By Scott Mooneyham | Nov 25, 2012

RALEIGH -- Legislative leaders and Gov.-elect Pat McCrory have made clear that they want to rework North Carolina's tax structure.

In the lead-up to the convening of the legislative session in January, the subject will likely receive more attention at policy meetings and forums of various sorts.

That doesn't mean the Republicans who now control the legislature will ultimately find sweeping changes to the state tax code any more palatable or politically doable than did their Democratic colleagues who took up same cause years ago.

One reason that past efforts at tax reform faded, and efforts in other states -- including one most recently in Georgia -- were undone is because there is no great public outcry for change.

And politics often becomes the art of following the path of least resistance.

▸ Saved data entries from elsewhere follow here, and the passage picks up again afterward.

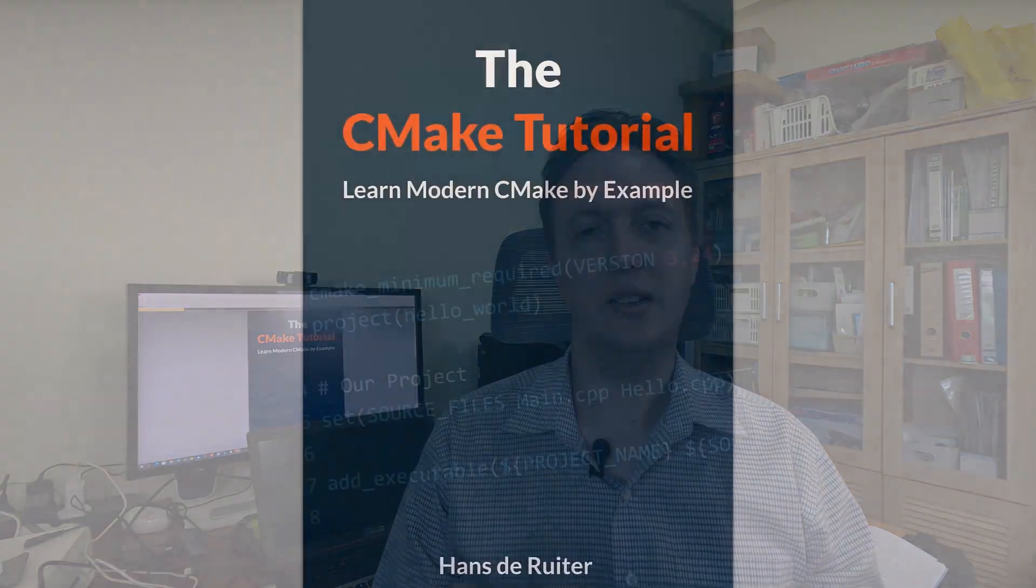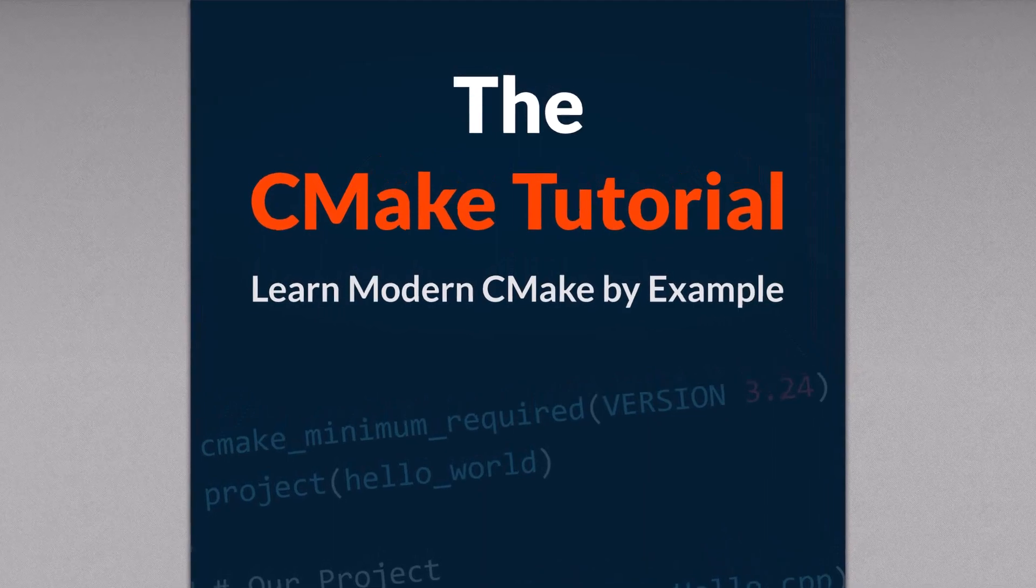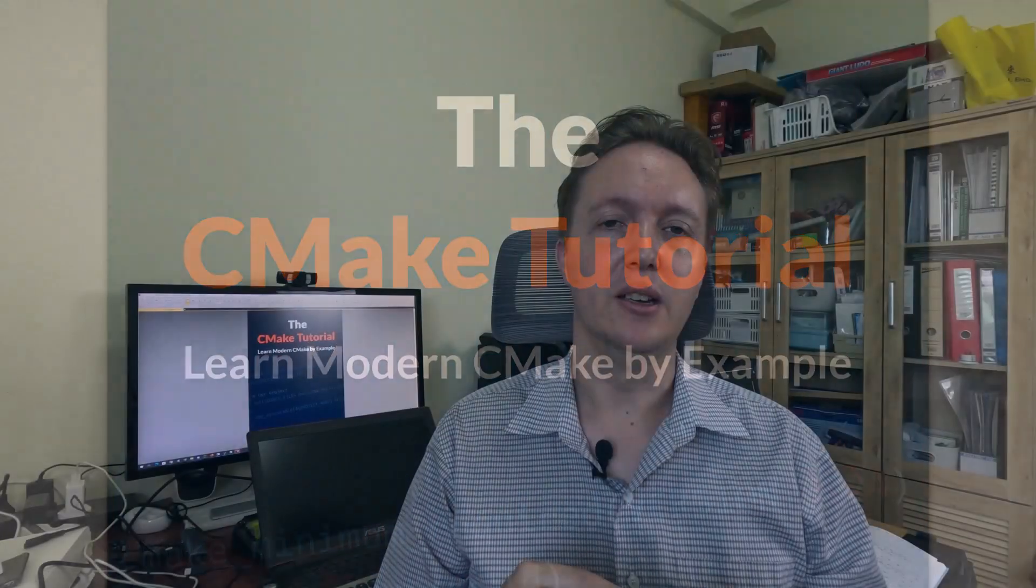Over the last few months, I've been working on the CMake tutorial, which I'm writing to help people get up to speed with modern CMake quickly. I'm pleased to say it's now available in pre-release form.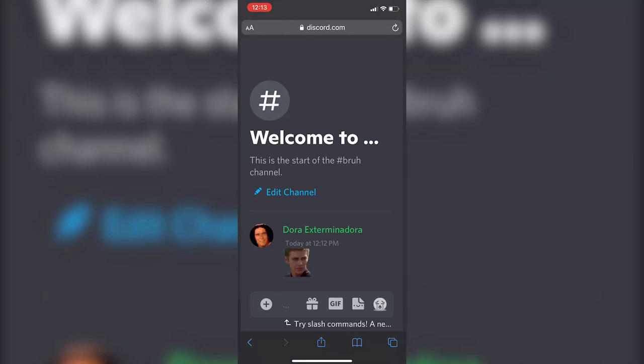In this video I'm going to show you how you can make Discord emojis with a transparent background and upload them to your Discord server.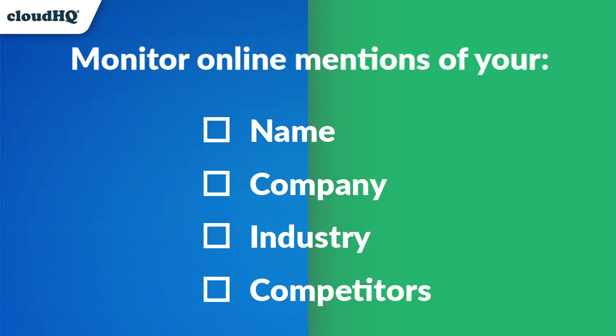online mentions for content about your name, company, industry, or even your competitors.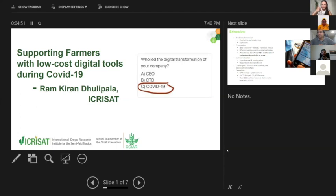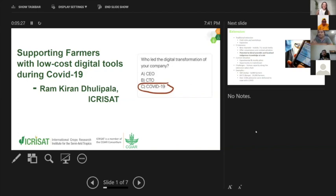Ram begins sharing his screen. He opens with a popular WhatsApp joke circulating widely: 'Who led the digital transformation of your company?' — with three options: CEO, CTO, or COVID-19. Even organizations like CGIAR, which were very unfamiliar with work-from-home cultures, have been forced to connect remotely. While COVID-19 has caused many adverse outcomes, it has also taught us new capabilities. Ram wants to give the audience a quick introduction to emerging trends he has been witnessing.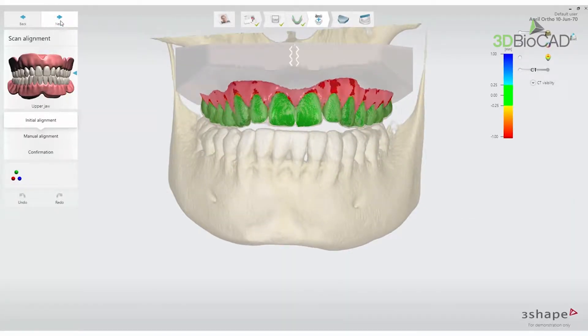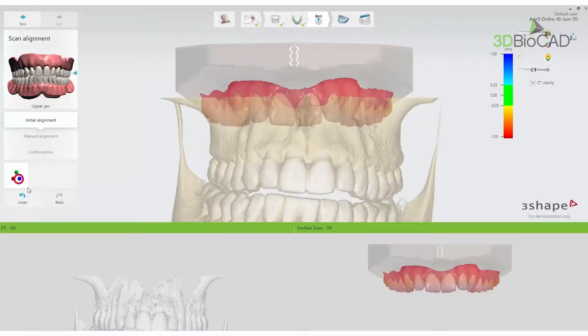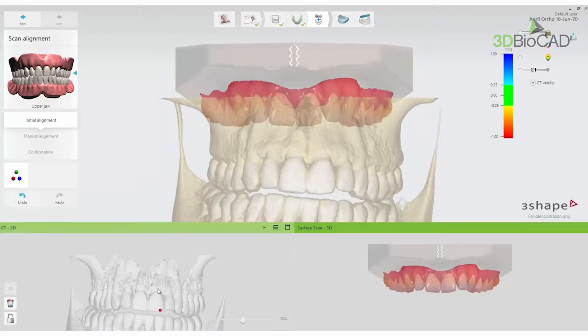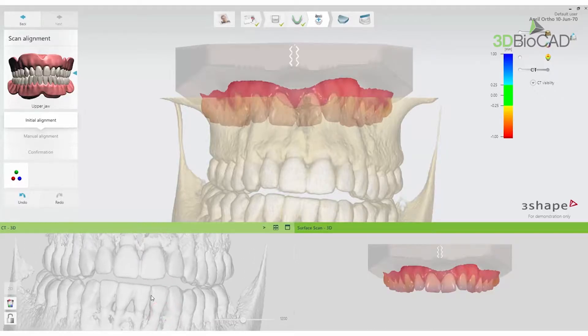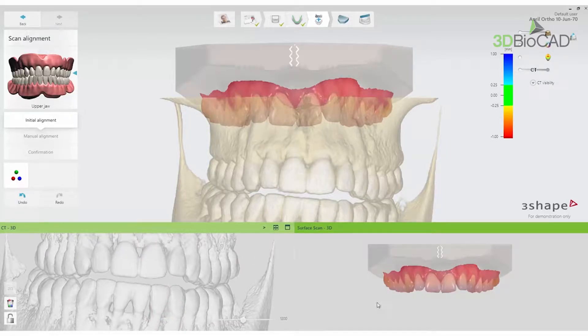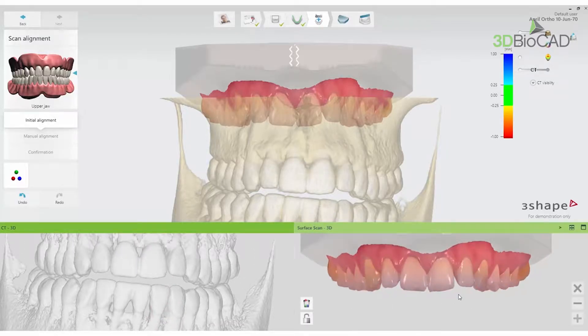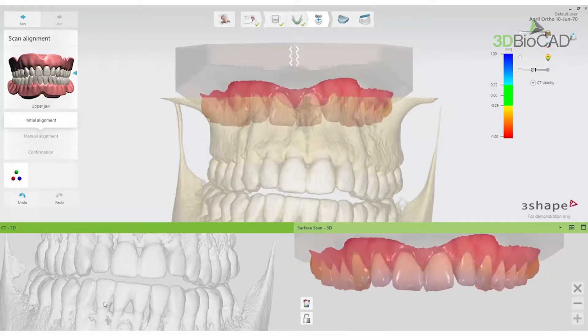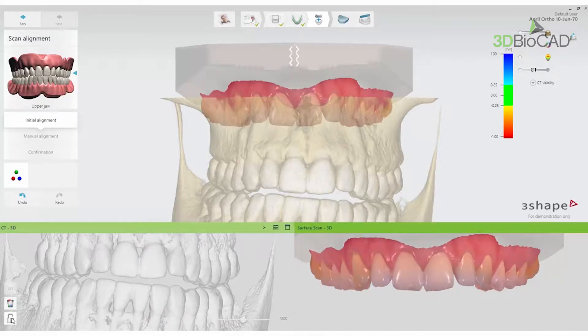Select the three colored dots — red, green, and blue — on the left side of the screen for three-point alignment. You should move the CBCT Scan to the middle of the screen and press Lock. Then both scans will move simultaneously.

So, generating the political will to substantially rework a state's tax structure becomes a tough chore. It remains to be seen whether legislative leaders and a new governor can create that kind of political will to address the issue.

There is, though, a pending crisis facing part of the state's tax structure that cannot be avoided.

That looming crisis involves the dedicated taxes that go to build and maintain roads in North Carolina.

Right now, roughly 60 percent of state dollars that go toward road-building and maintenance come from the state's gas tax. Taxes on vehicle purchases and registration fees provide the majority of the remainder of state money.

The number of vehicles on the road is growing. In most years, the amount of miles traveled on those roads is rising.

The amount of money collected from the gas tax isn't, at least not when measured against inflation and road usage.

A 2009 study from the N.C. Budget and Tax Center noted that the number of taxable gallons of gasoline sold in the state between 2003-04 and 2006-07 rose by 2 percent, while the population increased by 6 percent during the same period.

That same study found that the average driver, in 1963, paid three times more in gas taxes on a per-mile basis than in 2009.

Without changes, the trend is going to accelerate dramatically as more electric vehicles and higher-mileage cars hit the roadways in coming years.

The solution isn't obvious.

The long-term answer likely involves something other than the current gas tax. That tax, which in North Carolina automatically adjusts every six months based on the wholesale price of gasoline, has already become a political football because it is higher than surrounding states.

Some people who have studied the issue want government to begin assessing taxes, not at the gas pump, but by measuring the miles driven by each car. That answer raises privacy concerns regarding car tracking technology, and questions of how mileage and taxes are apportioned based on out-of-state driving.

Tolls, along with increasing or changing car sales taxes, are other options.

Whatever the answer, a changing world means that the problem can't be avoided much longer.